Il faut aussi parler des angles morts, parce qu’ils conditionnent directement la recommandation. Dans cette Special Edition, certains choix d’interface remplacent des menus du jeu original, et cela peut avoir des conséquences inattendues sur des fonctions internes, des options ou des comportements de “game over”. Le ressenti global, c’est que l’édition 2025 améliore énormément le confort quand on utilise activement sauvegarde libre et rewind, mais qu’elle peut aussi introduire des étrangetés de présentation, et même des pertes de réglages fins, qui, sur un jeu de cette génération, comptent plus qu’on ne l’imagine. On se retrouve parfois à devoir composer avec une “couche moderne” utile, mais pas totalement transparente.

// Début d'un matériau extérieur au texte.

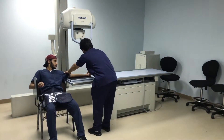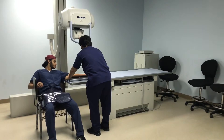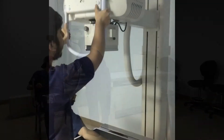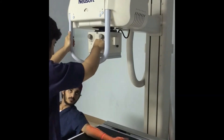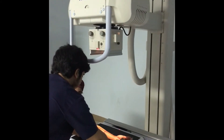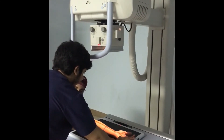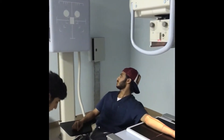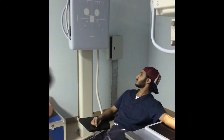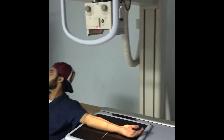The specialist adjusts the patient's forearm to perform the examination. He drops the patient's shoulder to place the entire upper limb on the same horizontal plane. Also, the specialist makes sure that the tube is 100 cm distance away from the receptor, aligns the center forearm with the long axis of the image receptor, and makes sure that both the elbow and wrist joints are included. The center ray should be perpendicular to the mid forearm.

Au final, tester Tombi 2 en 2025 revient à accepter un pacte très clair. On ne vient pas chercher un platformer moderne poli et homogène ; on vient chercher un jeu d’aventure-plateforme d’une époque où la fantaisie, l’expérimentation et la bizarrerie assumée primaient sur le confort. Dans ce cadre, la Special Edition fait globalement ce qu’on attend d’elle : elle rend le jeu facilement accessible sur des machines actuelles, elle atténue la dureté de certains passages grâce au duo sauvegarde et rewind, et elle valorise l’héritage via son musée. Si l’on accroche à la logique de quêtes en chaîne et à cette exploration “à objectifs” qui se déploie comme une boîte à mécanismes, on tient une aventure attachante, souvent inventive, parfois maladroite, mais difficile à confondre avec autre chose.